* **YOUR GOAL**: Below are some records. Return exactly the lines from the one with "Dan Post Men" to the one with "women dupatta with gota lace embroidery", and nothing else.

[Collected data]
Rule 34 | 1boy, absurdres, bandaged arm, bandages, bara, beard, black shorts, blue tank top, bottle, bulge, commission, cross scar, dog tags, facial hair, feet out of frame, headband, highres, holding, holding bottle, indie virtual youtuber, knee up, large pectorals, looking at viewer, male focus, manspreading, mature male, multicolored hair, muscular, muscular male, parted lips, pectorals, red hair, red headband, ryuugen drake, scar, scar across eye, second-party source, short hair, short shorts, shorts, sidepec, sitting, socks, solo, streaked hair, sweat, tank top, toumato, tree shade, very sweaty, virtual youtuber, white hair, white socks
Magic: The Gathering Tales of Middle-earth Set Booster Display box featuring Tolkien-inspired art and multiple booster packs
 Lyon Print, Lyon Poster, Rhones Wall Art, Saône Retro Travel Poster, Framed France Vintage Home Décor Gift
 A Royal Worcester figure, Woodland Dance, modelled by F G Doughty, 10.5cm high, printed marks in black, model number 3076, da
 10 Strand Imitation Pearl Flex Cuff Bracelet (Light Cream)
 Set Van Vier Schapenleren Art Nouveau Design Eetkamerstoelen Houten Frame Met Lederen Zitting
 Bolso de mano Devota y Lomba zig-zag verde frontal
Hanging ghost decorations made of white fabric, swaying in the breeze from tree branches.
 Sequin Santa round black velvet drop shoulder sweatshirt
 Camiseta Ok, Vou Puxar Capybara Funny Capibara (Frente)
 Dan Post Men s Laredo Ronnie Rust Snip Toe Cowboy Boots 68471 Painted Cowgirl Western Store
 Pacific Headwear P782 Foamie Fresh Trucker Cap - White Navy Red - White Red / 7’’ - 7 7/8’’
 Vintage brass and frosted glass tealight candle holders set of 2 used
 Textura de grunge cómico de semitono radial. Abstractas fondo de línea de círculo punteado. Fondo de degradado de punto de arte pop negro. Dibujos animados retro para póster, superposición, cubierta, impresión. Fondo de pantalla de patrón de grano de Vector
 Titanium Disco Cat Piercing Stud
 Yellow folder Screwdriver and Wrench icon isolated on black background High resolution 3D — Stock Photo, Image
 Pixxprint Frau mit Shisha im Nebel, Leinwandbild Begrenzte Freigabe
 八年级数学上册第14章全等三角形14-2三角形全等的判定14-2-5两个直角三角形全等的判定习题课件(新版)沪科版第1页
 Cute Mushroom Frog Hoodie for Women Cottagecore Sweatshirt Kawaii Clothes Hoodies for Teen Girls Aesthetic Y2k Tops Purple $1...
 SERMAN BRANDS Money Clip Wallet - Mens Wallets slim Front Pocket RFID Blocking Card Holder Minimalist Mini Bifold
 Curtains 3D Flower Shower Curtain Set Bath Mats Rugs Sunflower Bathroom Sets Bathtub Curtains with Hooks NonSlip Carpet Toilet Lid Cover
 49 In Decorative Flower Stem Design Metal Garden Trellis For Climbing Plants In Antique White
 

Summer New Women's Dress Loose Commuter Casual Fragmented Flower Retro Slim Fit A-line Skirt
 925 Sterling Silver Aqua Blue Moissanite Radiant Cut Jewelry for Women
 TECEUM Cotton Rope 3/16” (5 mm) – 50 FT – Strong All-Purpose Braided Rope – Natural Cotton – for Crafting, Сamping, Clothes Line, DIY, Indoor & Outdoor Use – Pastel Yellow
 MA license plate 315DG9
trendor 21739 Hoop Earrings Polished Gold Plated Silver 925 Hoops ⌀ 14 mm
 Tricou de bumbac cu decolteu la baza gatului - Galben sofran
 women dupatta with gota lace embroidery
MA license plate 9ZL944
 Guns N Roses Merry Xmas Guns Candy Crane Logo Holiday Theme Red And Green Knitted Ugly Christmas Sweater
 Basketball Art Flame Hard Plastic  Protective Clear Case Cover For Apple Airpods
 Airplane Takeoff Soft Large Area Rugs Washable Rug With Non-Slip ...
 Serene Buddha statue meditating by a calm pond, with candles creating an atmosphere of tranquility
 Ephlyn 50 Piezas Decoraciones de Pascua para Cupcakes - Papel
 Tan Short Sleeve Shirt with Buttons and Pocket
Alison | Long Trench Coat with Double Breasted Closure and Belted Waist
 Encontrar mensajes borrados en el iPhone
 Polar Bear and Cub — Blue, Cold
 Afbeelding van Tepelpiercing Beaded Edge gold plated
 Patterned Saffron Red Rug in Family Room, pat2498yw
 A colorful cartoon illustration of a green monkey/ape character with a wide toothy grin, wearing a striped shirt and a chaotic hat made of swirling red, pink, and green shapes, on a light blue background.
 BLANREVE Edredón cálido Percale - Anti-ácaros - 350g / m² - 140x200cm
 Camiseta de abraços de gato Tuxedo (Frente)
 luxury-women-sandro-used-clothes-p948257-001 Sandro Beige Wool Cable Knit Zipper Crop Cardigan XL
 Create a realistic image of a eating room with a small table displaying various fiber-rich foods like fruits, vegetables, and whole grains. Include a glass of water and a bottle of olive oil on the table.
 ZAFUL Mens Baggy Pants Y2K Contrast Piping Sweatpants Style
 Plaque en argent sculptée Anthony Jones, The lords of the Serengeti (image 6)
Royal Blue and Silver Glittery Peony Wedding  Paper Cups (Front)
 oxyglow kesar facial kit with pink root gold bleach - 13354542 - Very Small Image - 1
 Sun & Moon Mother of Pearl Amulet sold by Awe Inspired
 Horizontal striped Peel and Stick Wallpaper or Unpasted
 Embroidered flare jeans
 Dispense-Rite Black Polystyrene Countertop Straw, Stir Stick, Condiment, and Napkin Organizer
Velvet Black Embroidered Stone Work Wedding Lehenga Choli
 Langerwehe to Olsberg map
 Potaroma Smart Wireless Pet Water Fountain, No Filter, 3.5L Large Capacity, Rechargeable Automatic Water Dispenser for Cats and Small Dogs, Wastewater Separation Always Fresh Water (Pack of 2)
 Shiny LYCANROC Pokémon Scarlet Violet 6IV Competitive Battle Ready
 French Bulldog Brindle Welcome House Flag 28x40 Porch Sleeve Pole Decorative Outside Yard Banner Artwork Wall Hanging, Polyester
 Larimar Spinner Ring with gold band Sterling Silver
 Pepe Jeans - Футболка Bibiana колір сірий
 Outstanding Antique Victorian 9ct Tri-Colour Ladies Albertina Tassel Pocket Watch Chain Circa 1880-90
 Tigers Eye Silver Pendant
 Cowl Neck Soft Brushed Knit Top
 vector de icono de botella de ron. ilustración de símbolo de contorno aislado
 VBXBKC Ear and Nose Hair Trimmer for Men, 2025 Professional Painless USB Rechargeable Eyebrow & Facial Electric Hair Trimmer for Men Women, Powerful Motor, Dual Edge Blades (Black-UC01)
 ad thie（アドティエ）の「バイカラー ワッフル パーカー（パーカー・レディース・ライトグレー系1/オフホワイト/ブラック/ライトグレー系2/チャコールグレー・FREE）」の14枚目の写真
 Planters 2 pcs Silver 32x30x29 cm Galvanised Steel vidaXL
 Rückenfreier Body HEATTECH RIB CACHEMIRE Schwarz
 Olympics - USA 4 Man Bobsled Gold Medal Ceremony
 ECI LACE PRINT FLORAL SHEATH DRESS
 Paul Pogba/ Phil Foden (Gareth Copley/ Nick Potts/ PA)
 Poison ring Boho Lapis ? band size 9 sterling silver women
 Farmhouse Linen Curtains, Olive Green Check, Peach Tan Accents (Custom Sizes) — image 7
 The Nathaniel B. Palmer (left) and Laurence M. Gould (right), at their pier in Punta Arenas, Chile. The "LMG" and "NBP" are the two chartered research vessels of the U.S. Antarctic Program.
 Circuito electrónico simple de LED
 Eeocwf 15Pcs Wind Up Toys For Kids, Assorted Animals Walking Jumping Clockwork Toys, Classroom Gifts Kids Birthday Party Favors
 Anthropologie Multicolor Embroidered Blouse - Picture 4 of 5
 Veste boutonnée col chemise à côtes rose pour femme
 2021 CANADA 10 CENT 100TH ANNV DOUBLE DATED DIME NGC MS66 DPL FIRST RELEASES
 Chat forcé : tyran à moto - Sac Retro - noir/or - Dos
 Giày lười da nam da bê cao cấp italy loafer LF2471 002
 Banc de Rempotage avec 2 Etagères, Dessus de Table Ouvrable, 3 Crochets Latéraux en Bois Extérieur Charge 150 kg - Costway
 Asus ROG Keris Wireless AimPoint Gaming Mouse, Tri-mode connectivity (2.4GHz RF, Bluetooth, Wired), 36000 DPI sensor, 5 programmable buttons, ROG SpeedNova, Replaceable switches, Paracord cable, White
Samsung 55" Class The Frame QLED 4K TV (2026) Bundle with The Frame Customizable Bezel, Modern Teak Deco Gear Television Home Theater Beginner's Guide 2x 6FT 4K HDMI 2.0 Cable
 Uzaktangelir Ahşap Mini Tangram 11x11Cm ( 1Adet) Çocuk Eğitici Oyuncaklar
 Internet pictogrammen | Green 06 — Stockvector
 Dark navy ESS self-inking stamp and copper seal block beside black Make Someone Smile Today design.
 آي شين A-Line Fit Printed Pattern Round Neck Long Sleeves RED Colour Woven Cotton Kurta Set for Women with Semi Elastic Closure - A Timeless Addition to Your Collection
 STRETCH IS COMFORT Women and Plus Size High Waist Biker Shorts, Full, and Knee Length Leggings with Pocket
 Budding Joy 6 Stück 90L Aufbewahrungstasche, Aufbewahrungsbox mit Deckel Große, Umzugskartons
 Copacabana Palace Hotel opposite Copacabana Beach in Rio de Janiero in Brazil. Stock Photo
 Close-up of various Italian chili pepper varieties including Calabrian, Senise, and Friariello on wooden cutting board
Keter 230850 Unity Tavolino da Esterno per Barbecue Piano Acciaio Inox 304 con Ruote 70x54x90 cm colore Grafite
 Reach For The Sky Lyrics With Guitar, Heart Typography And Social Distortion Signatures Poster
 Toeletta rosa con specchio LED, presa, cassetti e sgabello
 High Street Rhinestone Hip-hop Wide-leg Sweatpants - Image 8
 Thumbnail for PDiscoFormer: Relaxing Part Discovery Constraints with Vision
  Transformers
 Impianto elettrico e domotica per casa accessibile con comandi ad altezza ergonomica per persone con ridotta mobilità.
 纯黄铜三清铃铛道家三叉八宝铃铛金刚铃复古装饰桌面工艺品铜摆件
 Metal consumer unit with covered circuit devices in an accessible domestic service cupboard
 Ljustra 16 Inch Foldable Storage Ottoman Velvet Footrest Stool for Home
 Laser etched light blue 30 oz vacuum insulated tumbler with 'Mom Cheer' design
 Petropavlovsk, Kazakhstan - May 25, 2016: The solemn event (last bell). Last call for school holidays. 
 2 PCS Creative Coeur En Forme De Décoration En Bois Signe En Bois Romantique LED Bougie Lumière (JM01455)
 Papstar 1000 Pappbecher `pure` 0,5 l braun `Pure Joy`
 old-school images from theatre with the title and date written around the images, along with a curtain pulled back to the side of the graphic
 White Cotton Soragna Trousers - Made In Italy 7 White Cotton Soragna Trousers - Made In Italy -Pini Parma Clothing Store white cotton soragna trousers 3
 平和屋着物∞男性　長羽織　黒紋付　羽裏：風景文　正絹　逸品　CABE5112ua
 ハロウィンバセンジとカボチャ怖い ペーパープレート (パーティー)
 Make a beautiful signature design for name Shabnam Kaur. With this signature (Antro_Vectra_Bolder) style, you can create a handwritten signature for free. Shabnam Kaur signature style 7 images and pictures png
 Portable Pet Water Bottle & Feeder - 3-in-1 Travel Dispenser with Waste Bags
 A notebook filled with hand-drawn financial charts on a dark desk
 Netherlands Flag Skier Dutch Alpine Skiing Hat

* **REPLY**:
 Dan Post Men s Laredo Ronnie Rust Snip Toe Cowboy Boots 68471 Painted Cowgirl Western Store
 Pacific Headwear P782 Foamie Fresh Trucker Cap - White Navy Red - White Red / 7’’ - 7 7/8’’
 Vintage brass and frosted glass tealight candle holders set of 2 used
 Textura de grunge cómico de semitono radial. Abstractas fondo de línea de círculo punteado. Fondo de degradado de punto de arte pop negro. Dibujos animados retro para póster, superposición, cubierta, impresión. Fondo de pantalla de patrón de grano de Vector
 Titanium Disco Cat Piercing Stud
 Yellow folder Screwdriver and Wrench icon isolated on black background High resolution 3D — Stock Photo, Image
 Pixxprint Frau mit Shisha im Nebel, Leinwandbild Begrenzte Freigabe
 八年级数学上册第14章全等三角形14-2三角形全等的判定14-2-5两个直角三角形全等的判定习题课件(新版)沪科版第1页
 Cute Mushroom Frog Hoodie for Women Cottagecore Sweatshirt Kawaii Clothes Hoodies for Teen Girls Aesthetic Y2k Tops Purple $1...
 SERMAN BRANDS Money Clip Wallet - Mens Wallets slim Front Pocket RFID Blocking Card Holder Minimalist Mini Bifold
 Curtains 3D Flower Shower Curtain Set Bath Mats Rugs Sunflower Bathroom Sets Bathtub Curtains with Hooks NonSlip Carpet Toilet Lid Cover
 49 In Decorative Flower Stem Design Metal Garden Trellis For Climbing Plants In Antique White
 

Summer New Women's Dress Loose Commuter Casual Fragmented Flower Retro Slim Fit A-line Skirt
 925 Sterling Silver Aqua Blue Moissanite Radiant Cut Jewelry for Women
 TECEUM Cotton Rope 3/16” (5 mm) – 50 FT – Strong All-Purpose Braided Rope – Natural Cotton – for Crafting, Сamping, Clothes Line, DIY, Indoor & Outdoor Use – Pastel Yellow
 MA license plate 315DG9
trendor 21739 Hoop Earrings Polished Gold Plated Silver 925 Hoops ⌀ 14 mm
 Tricou de bumbac cu decolteu la baza gatului - Galben sofran
 women dupatta with gota lace embroidery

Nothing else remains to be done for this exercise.